### What to work on
Nothing in the entries below may be altered; print them as they stand.
* * * * * * * * *
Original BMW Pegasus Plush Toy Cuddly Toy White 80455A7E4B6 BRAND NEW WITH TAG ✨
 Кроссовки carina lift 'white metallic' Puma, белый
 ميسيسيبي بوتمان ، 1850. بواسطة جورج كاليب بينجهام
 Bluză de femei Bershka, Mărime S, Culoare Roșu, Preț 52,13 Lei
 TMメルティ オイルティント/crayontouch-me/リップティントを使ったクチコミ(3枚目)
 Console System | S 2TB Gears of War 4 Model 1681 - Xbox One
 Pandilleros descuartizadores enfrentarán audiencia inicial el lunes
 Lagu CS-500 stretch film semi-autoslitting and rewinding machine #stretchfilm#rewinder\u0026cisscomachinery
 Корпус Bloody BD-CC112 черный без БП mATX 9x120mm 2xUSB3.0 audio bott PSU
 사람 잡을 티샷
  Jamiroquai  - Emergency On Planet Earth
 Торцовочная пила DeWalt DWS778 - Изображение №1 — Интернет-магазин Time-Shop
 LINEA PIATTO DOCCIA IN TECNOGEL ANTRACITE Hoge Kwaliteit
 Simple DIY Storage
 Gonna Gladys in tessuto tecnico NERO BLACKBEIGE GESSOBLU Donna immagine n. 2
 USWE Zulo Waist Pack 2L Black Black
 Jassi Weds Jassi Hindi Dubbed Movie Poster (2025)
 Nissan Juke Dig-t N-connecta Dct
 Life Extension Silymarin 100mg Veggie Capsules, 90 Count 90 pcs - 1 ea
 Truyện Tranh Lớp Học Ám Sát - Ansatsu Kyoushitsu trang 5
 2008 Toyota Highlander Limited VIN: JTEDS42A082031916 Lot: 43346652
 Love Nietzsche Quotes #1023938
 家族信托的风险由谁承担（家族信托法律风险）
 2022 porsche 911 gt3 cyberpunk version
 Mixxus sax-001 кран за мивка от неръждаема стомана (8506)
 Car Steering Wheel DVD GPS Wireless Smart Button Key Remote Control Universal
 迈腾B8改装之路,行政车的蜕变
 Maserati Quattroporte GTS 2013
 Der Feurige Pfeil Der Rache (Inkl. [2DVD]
* * * * * * * * *
### Answer area
Original BMW Pegasus Plush Toy Cuddly Toy White 80455A7E4B6 BRAND NEW WITH TAG ✨
 Кроссовки carina lift 'white metallic' Puma, белый
 ميسيسيبي بوتمان ، 1850. بواسطة جورج كاليب بينجهام
 Bluză de femei Bershka, Mărime S, Culoare Roșu, Preț 52,13 Lei
 TMメルティ オイルティント/crayontouch-me/リップティントを使ったクチコミ(3枚目)
 Console System | S 2TB Gears of War 4 Model 1681 - Xbox One
 Pandilleros descuartizadores enfrentarán audiencia inicial el lunes
 Lagu CS-500 stretch film semi-autoslitting and rewinding machine #stretchfilm#rewinder\u0026cisscomachinery
 Корпус Bloody BD-CC112 черный без БП mATX 9x120mm 2xUSB3.0 audio bott PSU
 사람 잡을 티샷
  Jamiroquai  - Emergency On Planet Earth
 Торцовочная пила DeWalt DWS778 - Изображение №1 — Интернет-магазин Time-Shop
 LINEA PIATTO DOCCIA IN TECNOGEL ANTRACITE Hoge Kwaliteit
 Simple DIY Storage
 Gonna Gladys in tessuto tecnico NERO BLACKBEIGE GESSOBLU Donna immagine n. 2
 USWE Zulo Waist Pack 2L Black Black
 Jassi Weds Jassi Hindi Dubbed Movie Poster (2025)
 Nissan Juke Dig-t N-connecta Dct
 Life Extension Silymarin 100mg Veggie Capsules, 90 Count 90 pcs - 1 ea
 Truyện Tranh Lớp Học Ám Sát - Ansatsu Kyoushitsu trang 5
 2008 Toyota Highlander Limited VIN: JTEDS42A082031916 Lot: 43346652
 Love Nietzsche Quotes #1023938
 家族信托的风险由谁承担（家族信托法律风险）
 2022 porsche 911 gt3 cyberpunk version
 Mixxus sax-001 кран за мивка от неръждаема стомана (8506)
 Car Steering Wheel DVD GPS Wireless Smart Button Key Remote Control Universal
 迈腾B8改装之路,行政车的蜕变
 Maserati Quattroporte GTS 2013
 Der Feurige Pfeil Der Rache (Inkl. [2DVD]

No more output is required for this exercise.